Atheism is one of those assumptions about myself which I tend to not correct. I don’t really talk about believing in things because most of the people I know are atheists; a lot of those people are pretty insistent that they’re atheists.
I guess, technically, I fall at the religious end of agnostic. I’m not specifically religious, but I think I believe in Something. I’m not sure what that Something is. I’m not sure it actually exists. I’m also not sure if that matters. All I know is that sometimes things happen that logic and science kind of can’t explain.
At school, I spent a lot of my first year of “Special Religious Education” being the only person in the class asking questions. I was fascinated by religion. By these stories and beliefs and the way so much of our society continues to revolve around them. Soon though I got a little tired of all the answers being “Because God says so.” I also found it very difficult to deal with my teacher telling us that if you didn’t believe in God, nay if you didn’t believe in her specificversion of God, then you were definitely going to burn amid external torture.
When I was about 15 I was Confirmed at an Anglican church. The minister was not just a minister, he’d studied science at university. One of my favourite sessions was when he explained to us how funny it is to take The Rapture literally. Because cells are constantly being recycled! And how could every dead person rise from their graves to wreak havoc on the living when most of the components of their bodies are now making up other things!

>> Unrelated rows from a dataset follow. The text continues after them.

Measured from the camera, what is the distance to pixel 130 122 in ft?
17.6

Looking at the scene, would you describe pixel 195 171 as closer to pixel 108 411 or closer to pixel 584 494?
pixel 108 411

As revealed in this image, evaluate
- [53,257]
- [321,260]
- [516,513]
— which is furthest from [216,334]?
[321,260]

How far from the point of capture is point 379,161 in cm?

What he taught us was not that these writings were inscrutable truth, but that within them there were metaphors and morals that could help us live this crazy weird thing called life.
A lot of what I learnt from that experience was not about religion at all. It was about my own mortality, and the kindness of strangers. I learnt about a code of symbols which, like it or not, are at the heart of Western Society. I learnt a lot about myself as a person. It didn’t make me a devote religious believer but I do think it made me a more rounded human being.

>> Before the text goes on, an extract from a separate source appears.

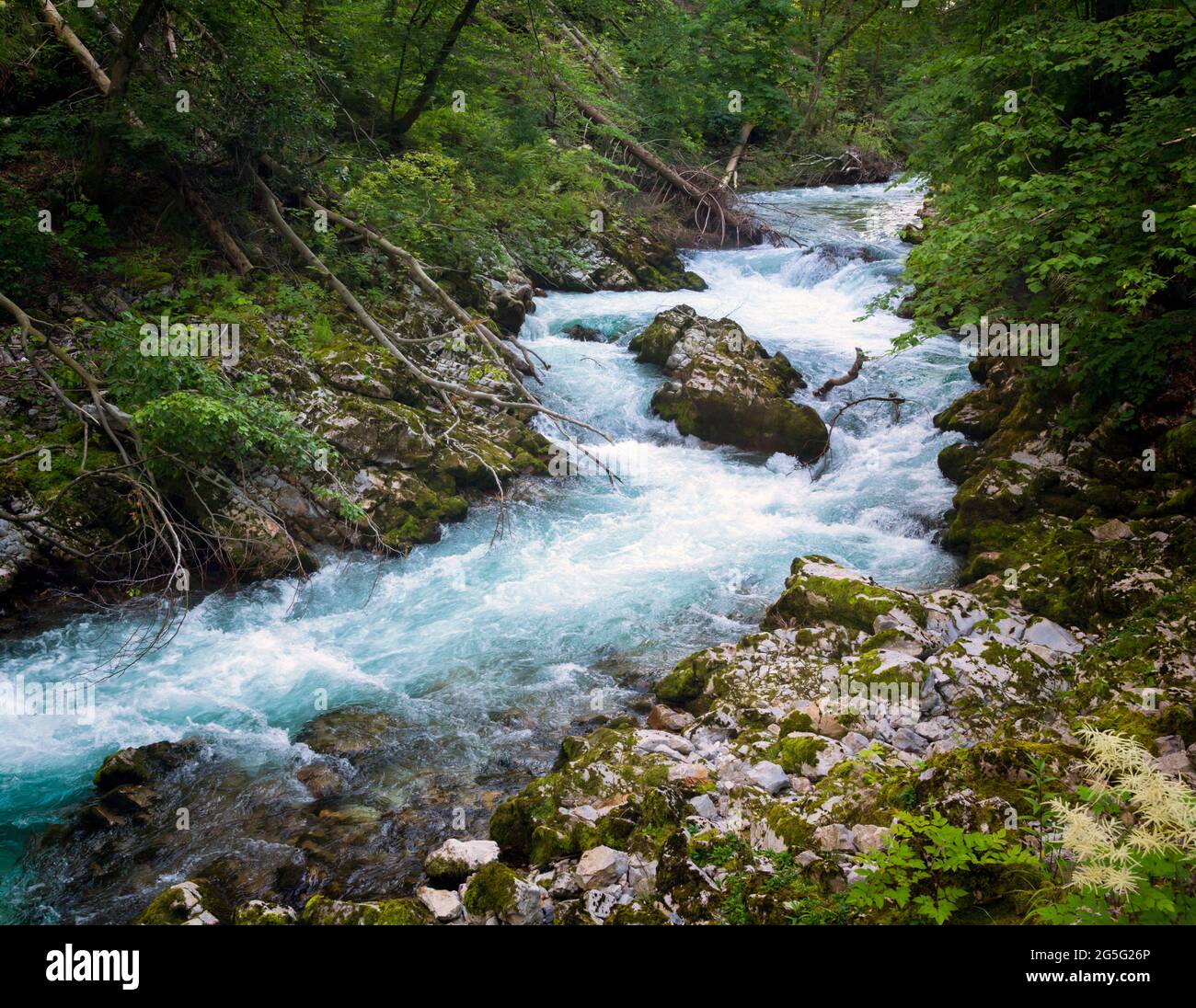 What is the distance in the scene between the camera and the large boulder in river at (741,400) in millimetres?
12055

I love a lot of the things about religion. I love saints and relics. I love that Catherine of Sienna’s first miracle was falling down some stairs and not getting hurt. I love that somewhere in Italy there is a jar of Communion wafers which apparently never go stale. I love cathedrals. I love the vast tranquillity of them and the way they make me feel… safe. I love the way people believe in things. Because they can.
Sometimes I have a problem with the way comedy approaches religion. More specifically I sometimes get a little tired of the continual slamming of Christianity. A lot of the time it feels like little more than a blatant attack. I’m not going to deny that the organisationof Christianity has done some pretty suss things in its time. I’m not going to deny that a lot of things in the bible are stupid. I’m not going to deny that a lot of Christians also happen to be nut jobs.
But believing what you like is actually a human right – it’s called The Freedom of Religion and Belief. That means that no one should be allowed to tell anyone else what they should and shouldn’t believe in. What’s the difference, really, between a fundamentalist Christian shoving their beliefs down another person’s throat and a fundamental atheist telling someone they’re an idiot for believing in what they do?
There’s an awful lot of beliefs out there. And yes, a lot of them are kind of stupid when you think about it too much. But believing in stupid things also happens to be one of the principles on which humanity is founded.  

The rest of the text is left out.